• _Assignment_: Set down, exactly and with nothing added, the lines running from the one that holds "Галлюциногенные грибы Psilocybe Урай" to the final line of the records. Pictures stay out of the copy.

• _Entries provided_:
**********
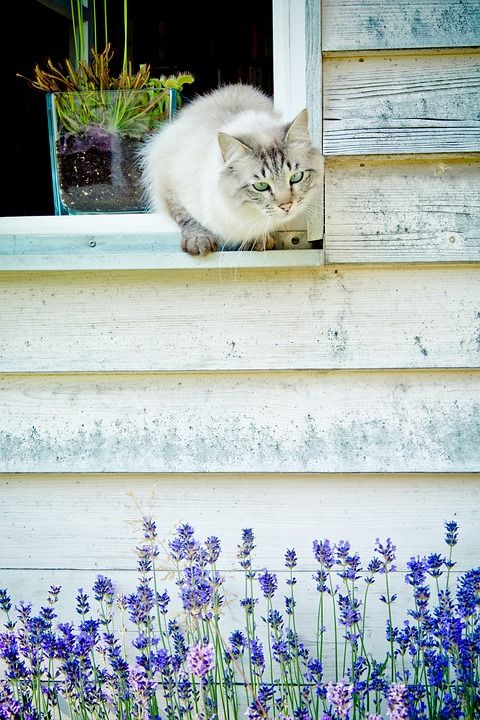 猫 窗户 房墙 薰衣草 夏天 木墙 木窗 窗台 牧歌 家畜
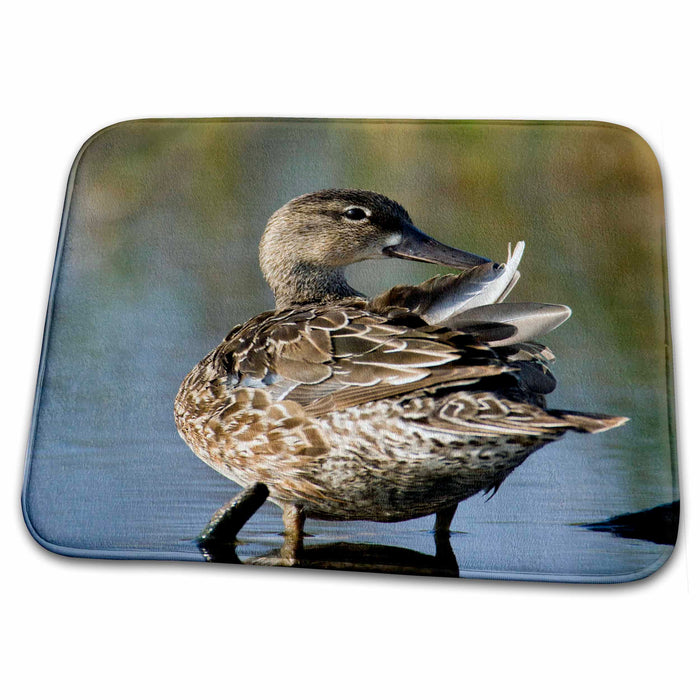 Dish Drying Mat - Blue-winged Teal, Welder Flats, Texas - US44 MPR0100 - Maresa Pryor Birds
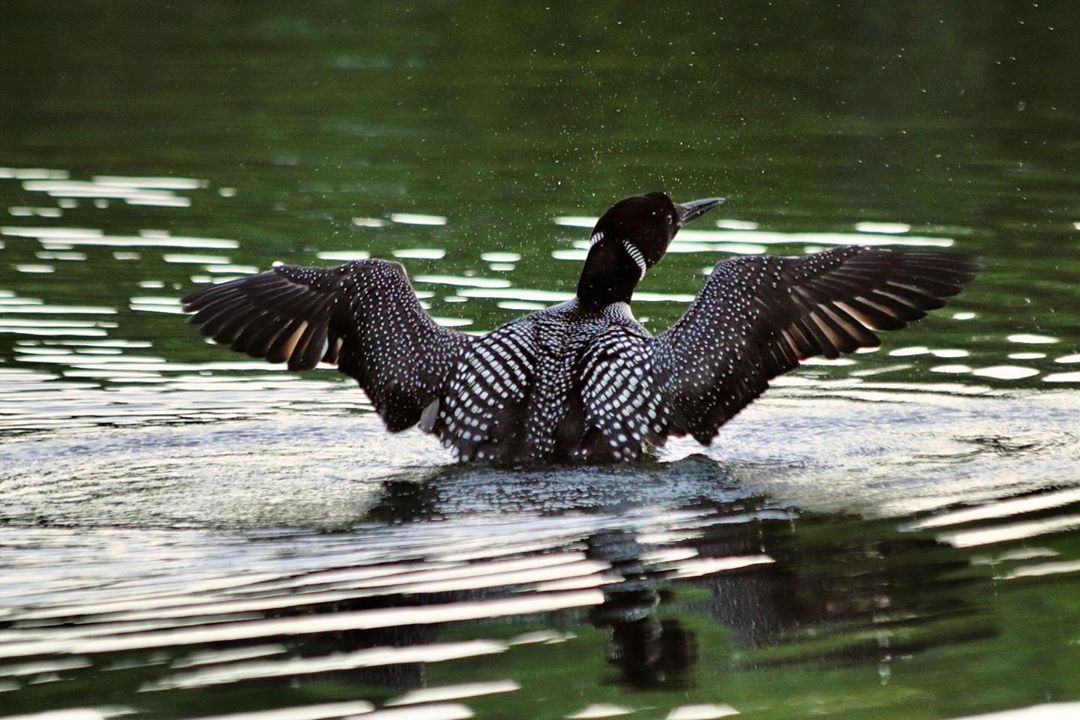 loon loons ontariobirds bird birds outdoors outdoorontario wings loonsofinstagram kawartha…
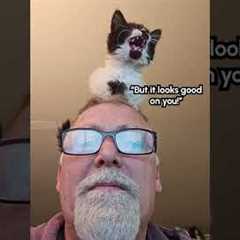 Kitten Sits on Man's Head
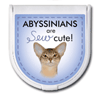 Abyssinians are "sew" cute! thumbnail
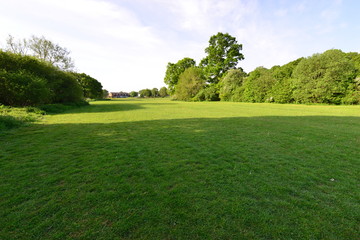 Fototapeta na wymiar Emlyn Meadows in Horley, Surrey.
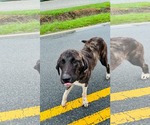 Small #2 Anatolian Shepherd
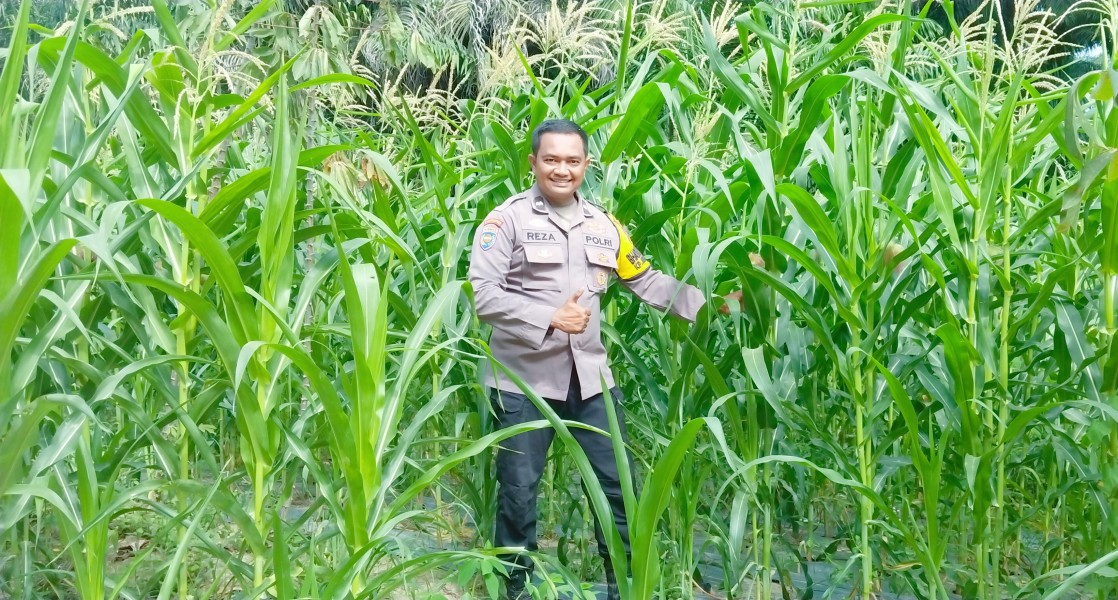 Polsek Minas Pantau Perkembangan Jagung Pipil Program Ketahanan Pangan, Tanaman Tumbuh Subur di Usia 50 Hari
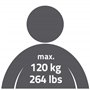 RIDDER Assistant A0243301 poignée d'aspiration de Voyage avec 2 ventouses Premium 33 cm Blanc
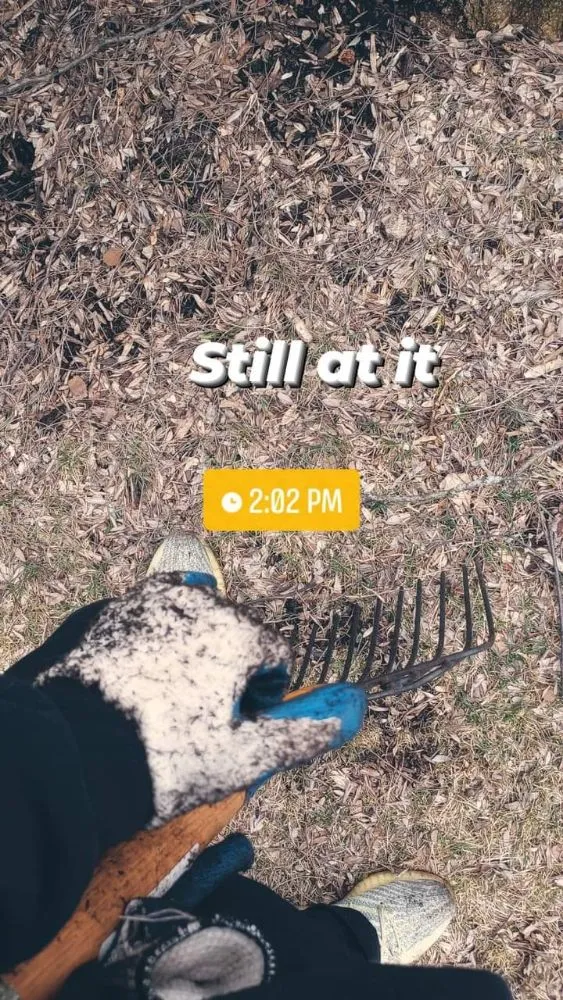 Affordable lawn mowing service in Milwaukee, WI - A&J Lawn maintenance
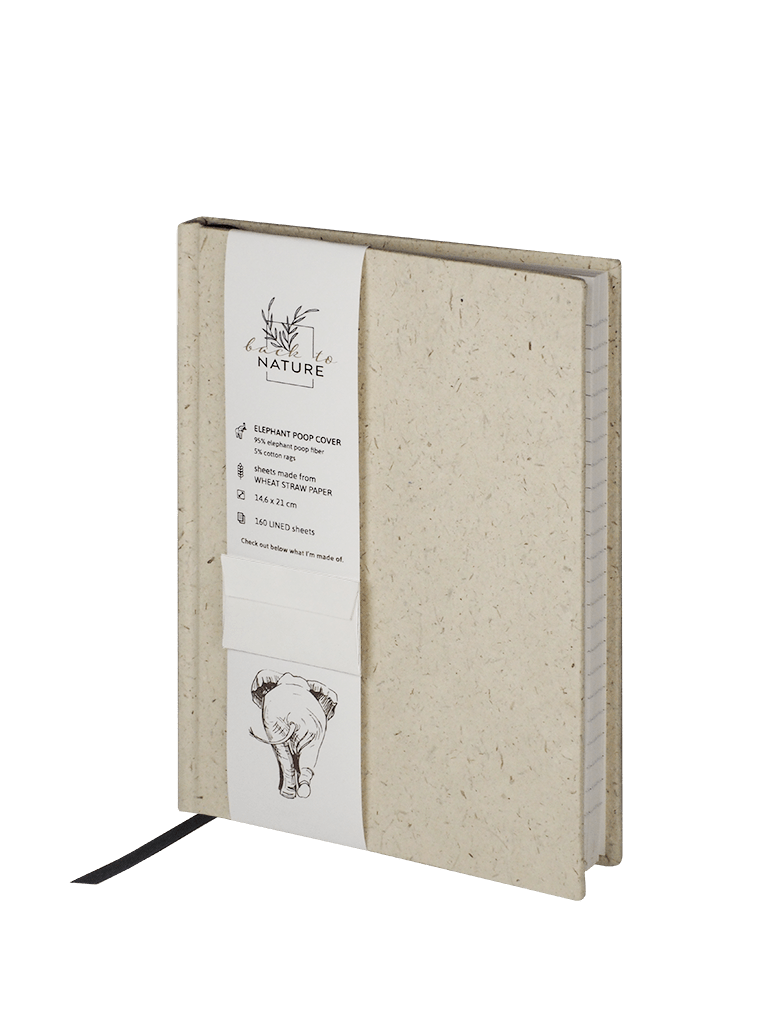 eko notes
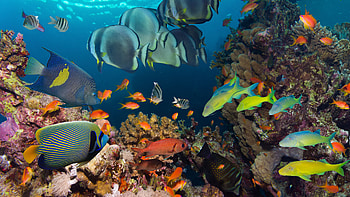 Ocean underwater tropical reef , Colorful coral, Vibrant fish species, Marine paradise HD wallpaper
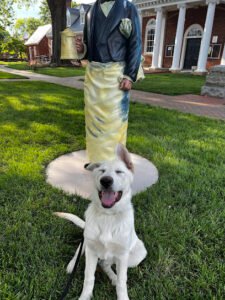 Loyalty Canine Services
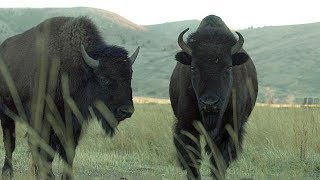 Bison  Farm To Fork Wyoming [upl. by Jacy]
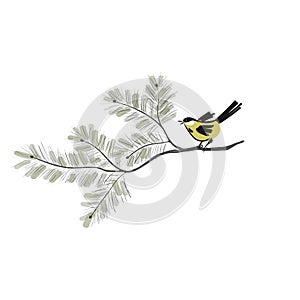 Tomtit in japanese style are sitting on the pine tree. Yellow birds perched on branches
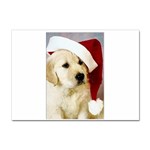 Christmas puppy  Sticker A4 (100 pack)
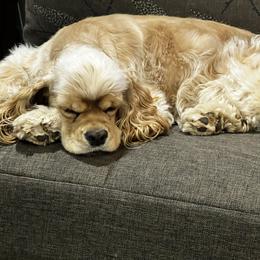 Cocker Spaniel puppies from Belive in Dreams Cockers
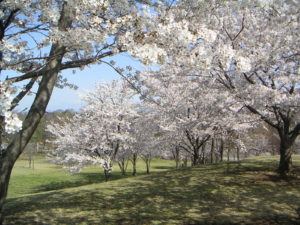 埼玉県熊谷市の桜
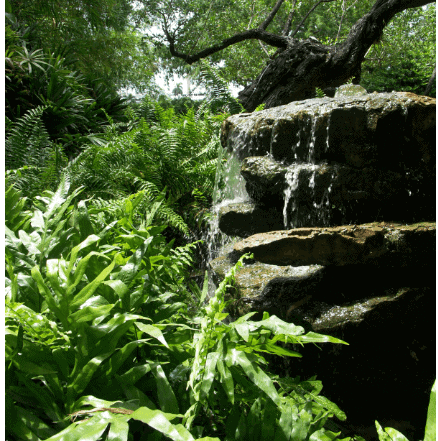 The Kid On The Go - Miami Beach Botanical Gardens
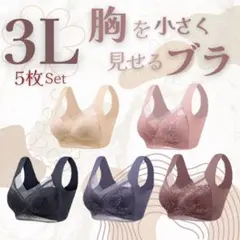 ◯5枚セット 3L 着痩せ　シームレス　レース　ノンワイヤー　ナイトブラ　美胸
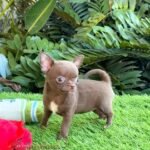 Teacup Chihuahua Madonna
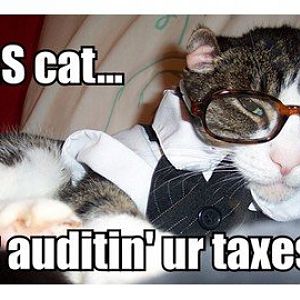 tax-cat.jpg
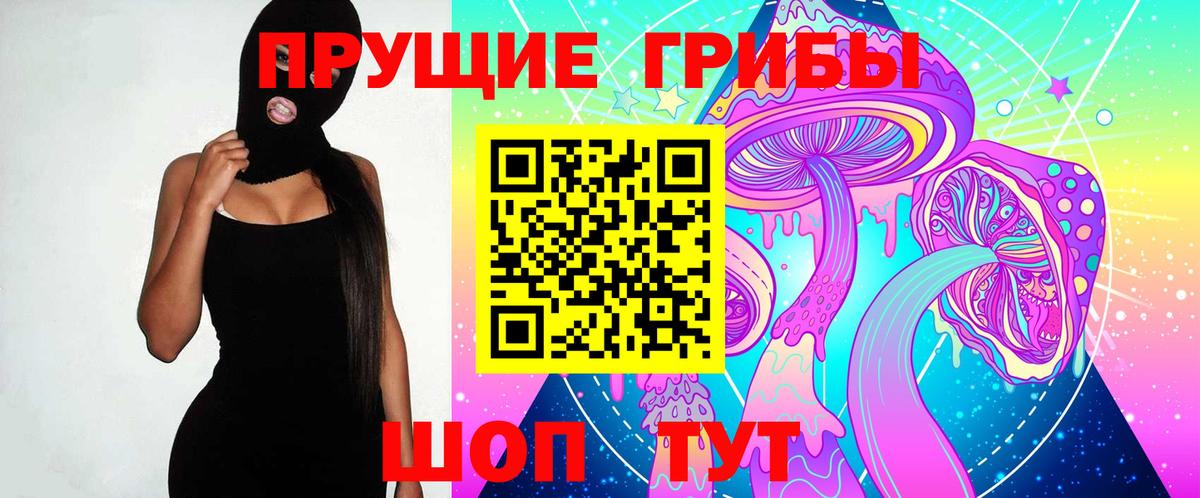 Галлюциногенные грибы Psilocybe Урай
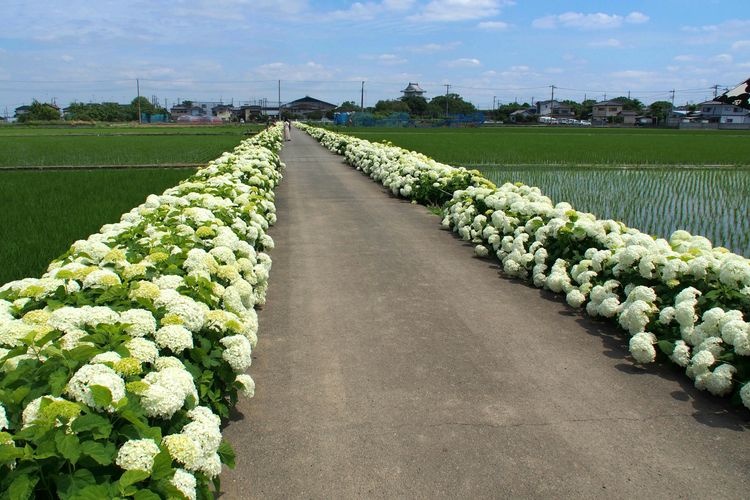 타키노가와 수국 로드 (Takinogawa Ajisai Road)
**********
• _Solution to the problem_:
 Галлюциногенные грибы Psilocybe Урай
 타키노가와 수국 로드 (Takinogawa Ajisai Road)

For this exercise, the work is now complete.